◆ **Provided information**:
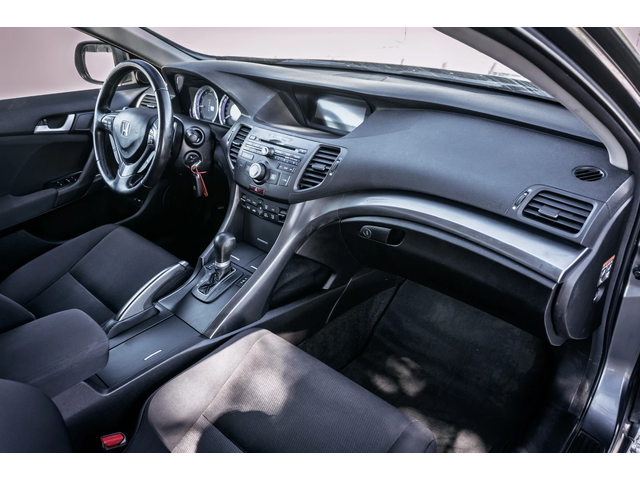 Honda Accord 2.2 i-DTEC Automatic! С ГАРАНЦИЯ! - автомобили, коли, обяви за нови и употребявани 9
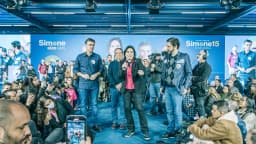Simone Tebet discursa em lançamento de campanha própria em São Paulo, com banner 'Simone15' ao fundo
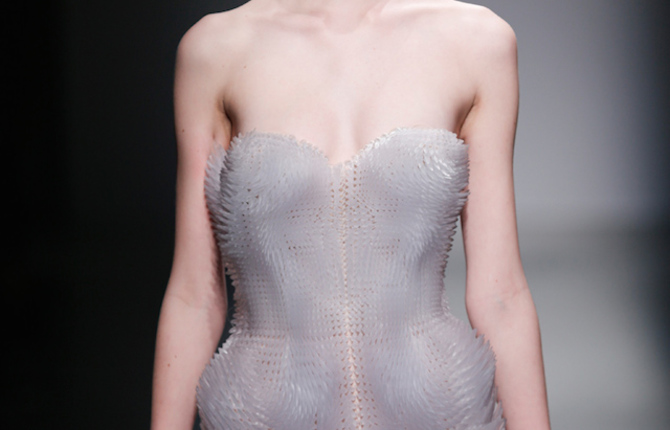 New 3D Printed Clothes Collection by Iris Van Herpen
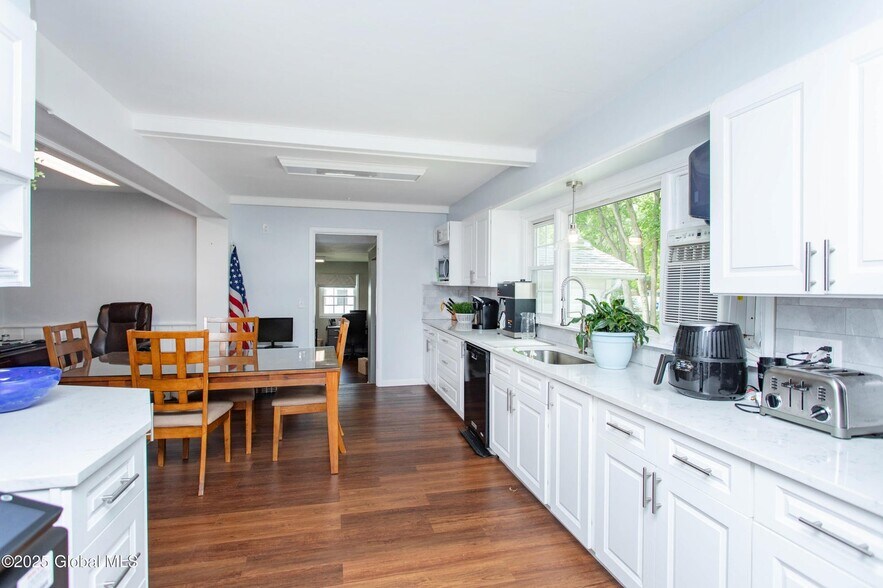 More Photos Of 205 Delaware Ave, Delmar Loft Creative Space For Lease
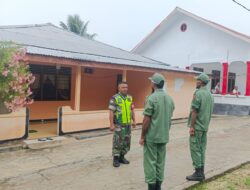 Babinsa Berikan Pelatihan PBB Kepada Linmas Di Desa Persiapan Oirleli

◆ **Work instructions**: While skipping the pictures, transcribe the data above from the line showing "Simone Tebet discursa" through the line showing "More Photos Of", exactly and with both ends.

◆ **Written solution**:
Simone Tebet discursa em lançamento de campanha própria em São Paulo, com banner 'Simone15' ao fundo
 New 3D Printed Clothes Collection by Iris Van Herpen
 More Photos Of 205 Delaware Ave, Delmar Loft Creative Space For Lease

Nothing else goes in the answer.